---------- Material supplied ----------

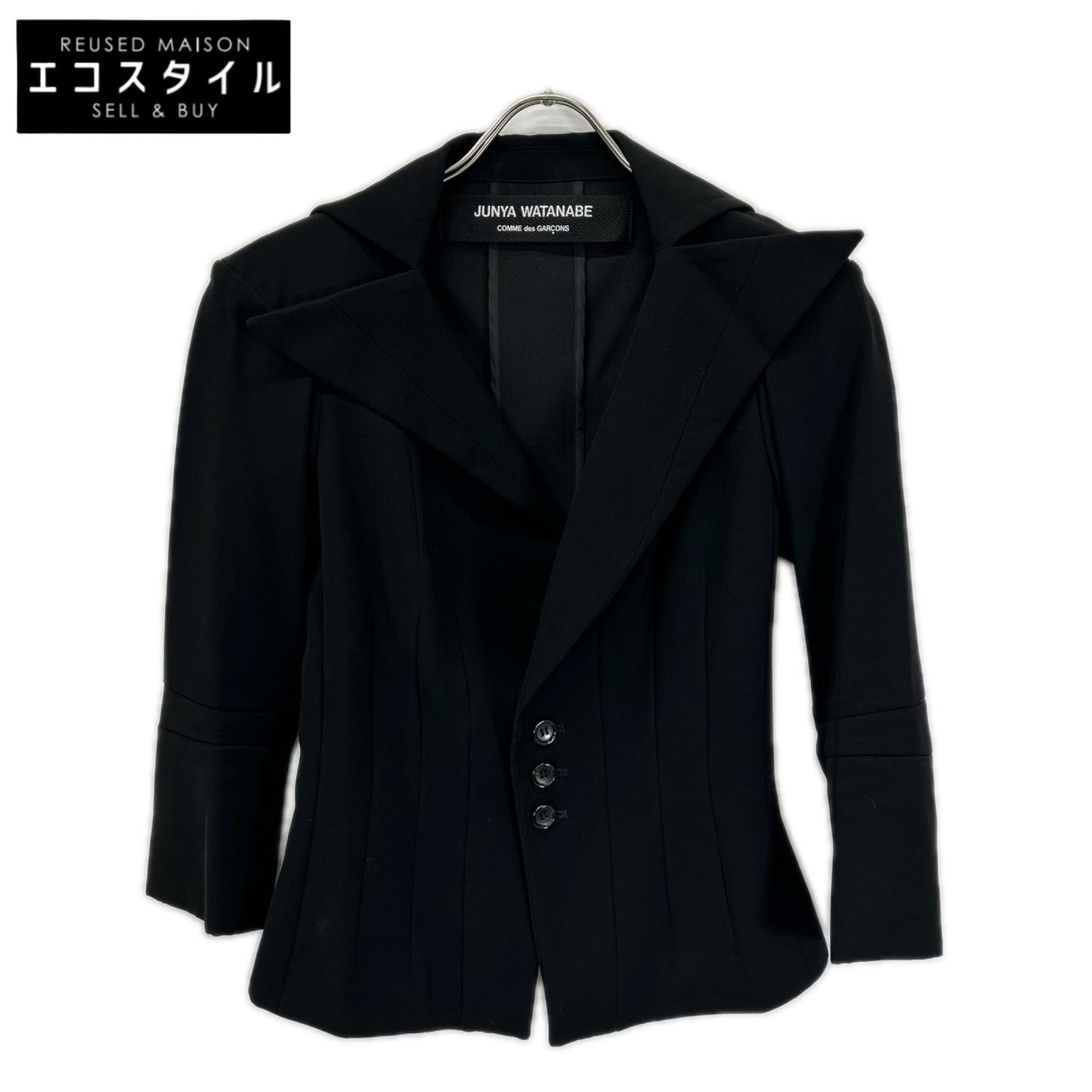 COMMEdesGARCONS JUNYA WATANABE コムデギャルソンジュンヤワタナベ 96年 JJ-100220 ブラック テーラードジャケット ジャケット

----------
---------- Material supplied ----------

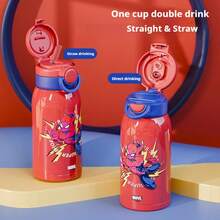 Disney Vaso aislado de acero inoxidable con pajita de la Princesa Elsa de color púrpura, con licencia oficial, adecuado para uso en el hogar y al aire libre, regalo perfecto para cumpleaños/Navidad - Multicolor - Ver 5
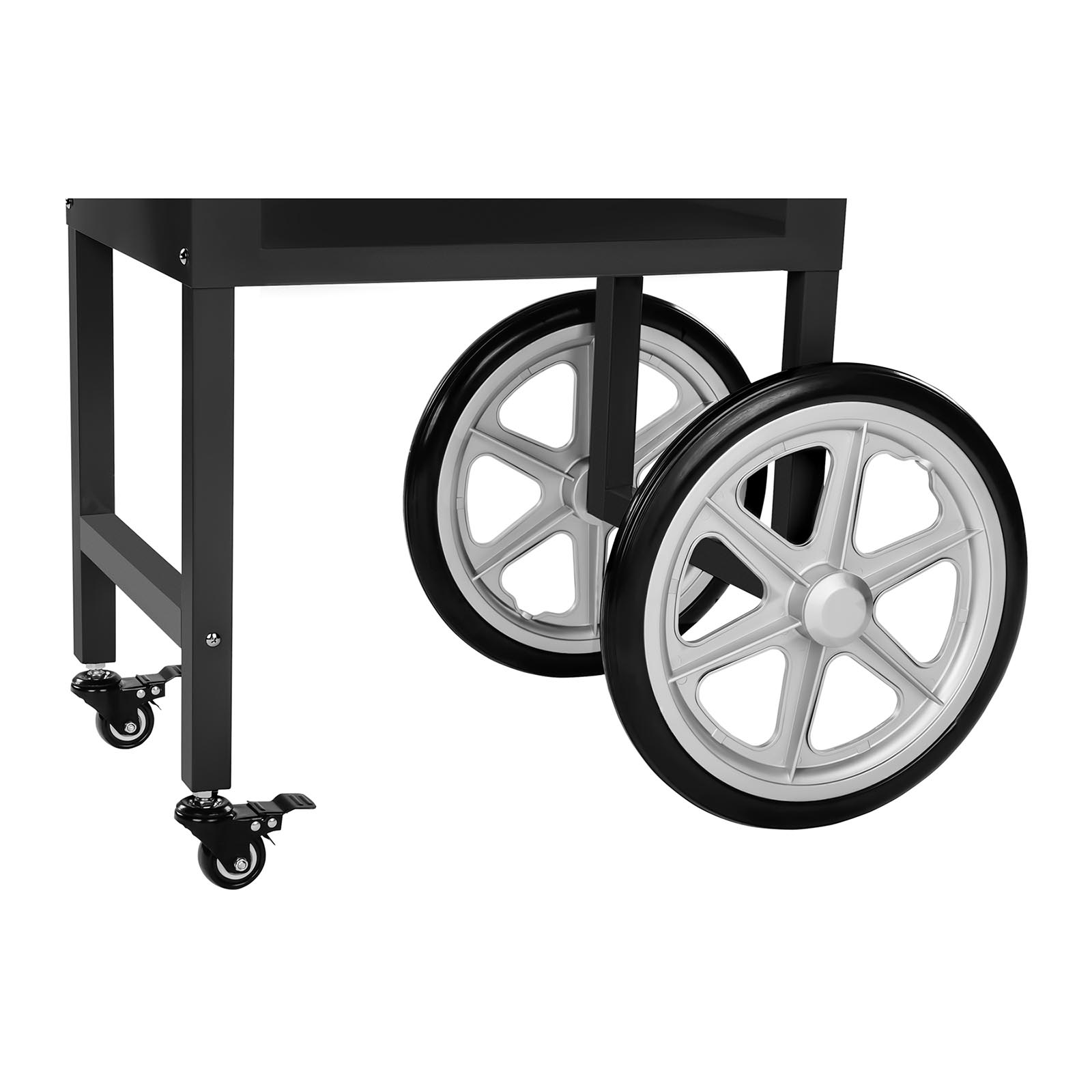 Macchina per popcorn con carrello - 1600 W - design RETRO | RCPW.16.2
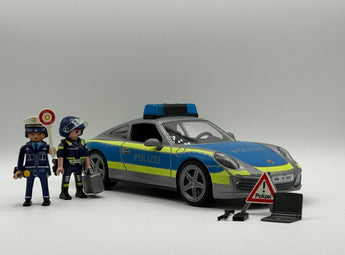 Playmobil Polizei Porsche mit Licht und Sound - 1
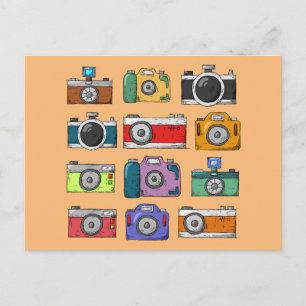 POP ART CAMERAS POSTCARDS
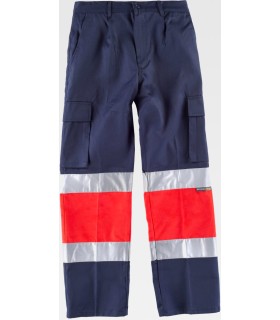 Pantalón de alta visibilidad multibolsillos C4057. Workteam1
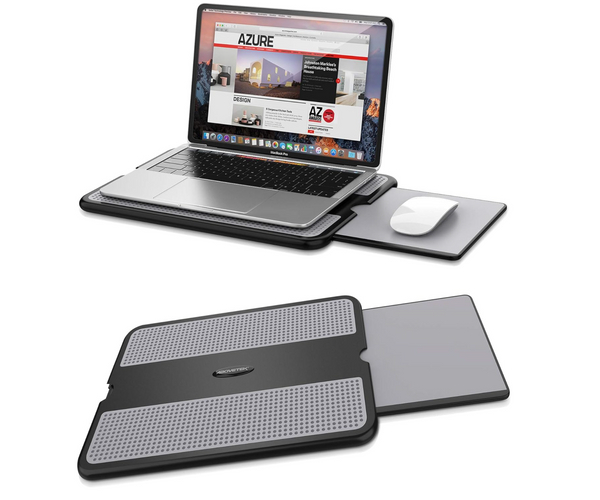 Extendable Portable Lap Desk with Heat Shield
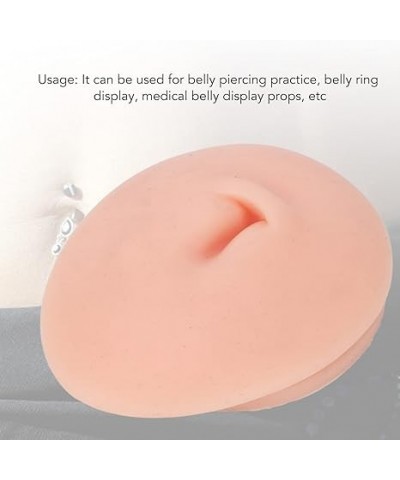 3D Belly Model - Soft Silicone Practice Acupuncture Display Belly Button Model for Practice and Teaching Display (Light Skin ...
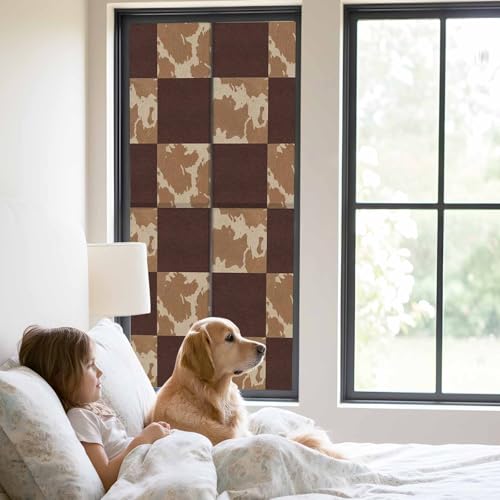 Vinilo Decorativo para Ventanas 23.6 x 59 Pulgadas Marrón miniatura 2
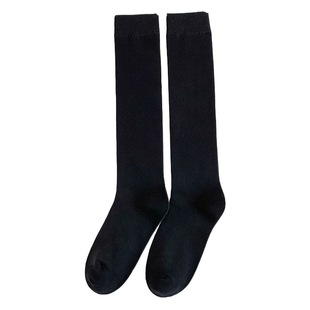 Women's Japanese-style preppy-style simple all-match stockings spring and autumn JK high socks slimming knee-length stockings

----------

=== Work item ===
Line for line, output the entries above from the line with "Macchina per popcorn" to the line with "Vinilo Decorativo para", both included, and nothing more. Skip pictures.

=== Response ===
 Macchina per popcorn con carrello - 1600 W - design RETRO | RCPW.16.2
 Playmobil Polizei Porsche mit Licht und Sound - 1
 POP ART CAMERAS POSTCARDS
 Pantalón de alta visibilidad multibolsillos C4057. Workteam1
 Extendable Portable Lap Desk with Heat Shield
 3D Belly Model - Soft Silicone Practice Acupuncture Display Belly Button Model for Practice and Teaching Display (Light Skin ...
 Vinilo Decorativo para Ventanas 23.6 x 59 Pulgadas Marrón miniatura 2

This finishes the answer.